# [Problem]
The following data is to be repeated exactly, its pictures excluded.
:: Material provided ::
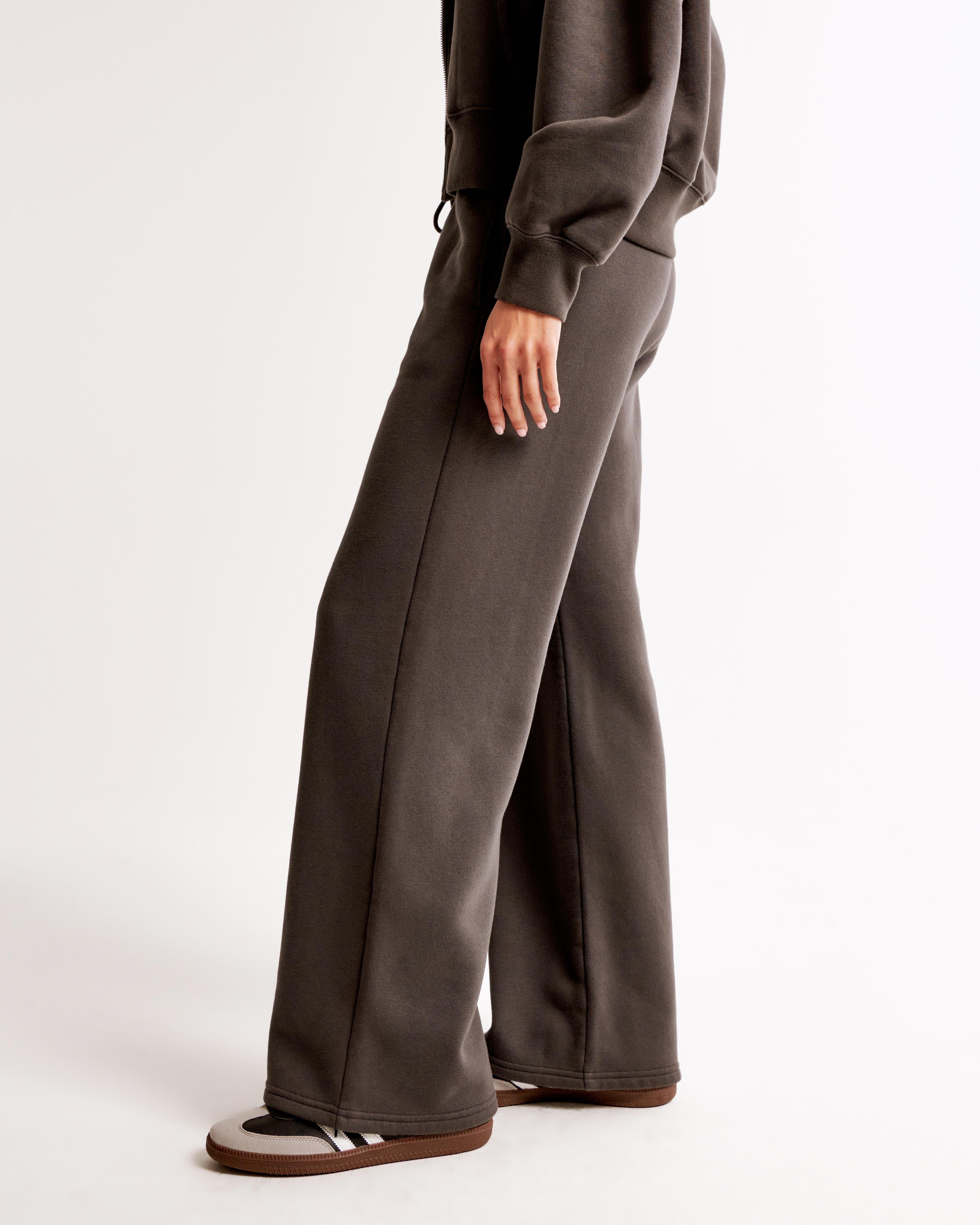 Essential Sunday Wide Leg Sweatpant Product Image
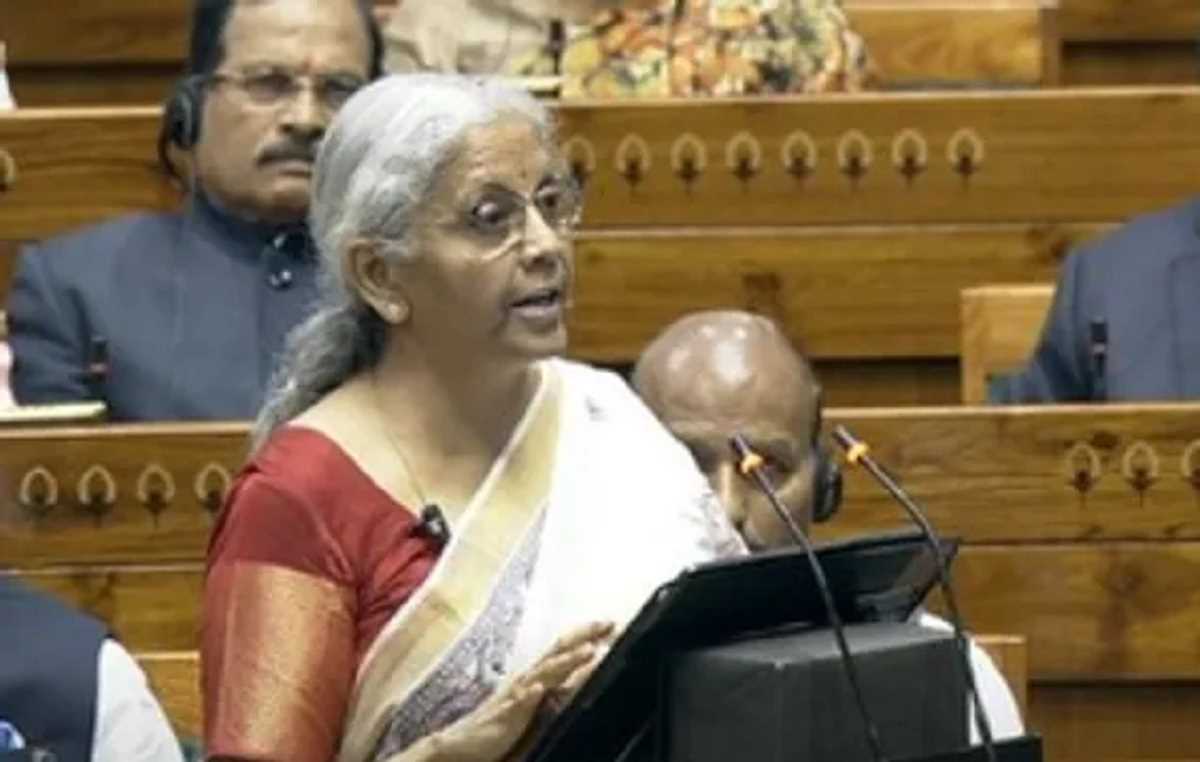 वित्त मंत्री निर्मला सीतारमण ने पेश किया बजट, गरीब, युवा, अन्नदाता और नारी शक्ति पर फोकस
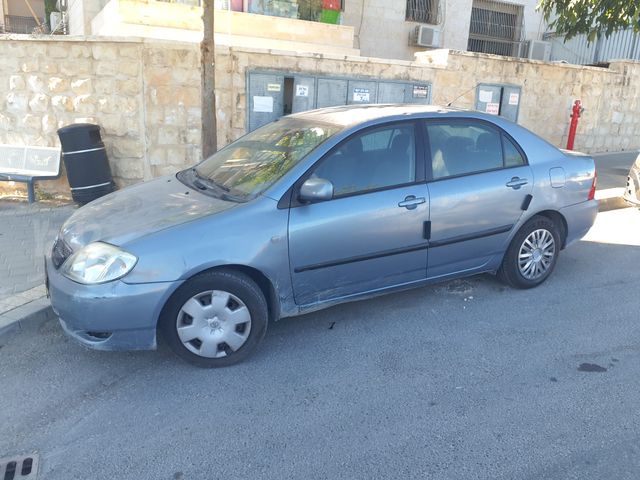 טויוטה קורולה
:::
# [Answer to the exercise]
 Essential Sunday Wide Leg Sweatpant Product Image
 वित्त मंत्री निर्मला सीतारमण ने पेश किया बजट, गरीब, युवा, अन्नदाता और नारी शक्ति पर फोकस
 טויוטה קורולה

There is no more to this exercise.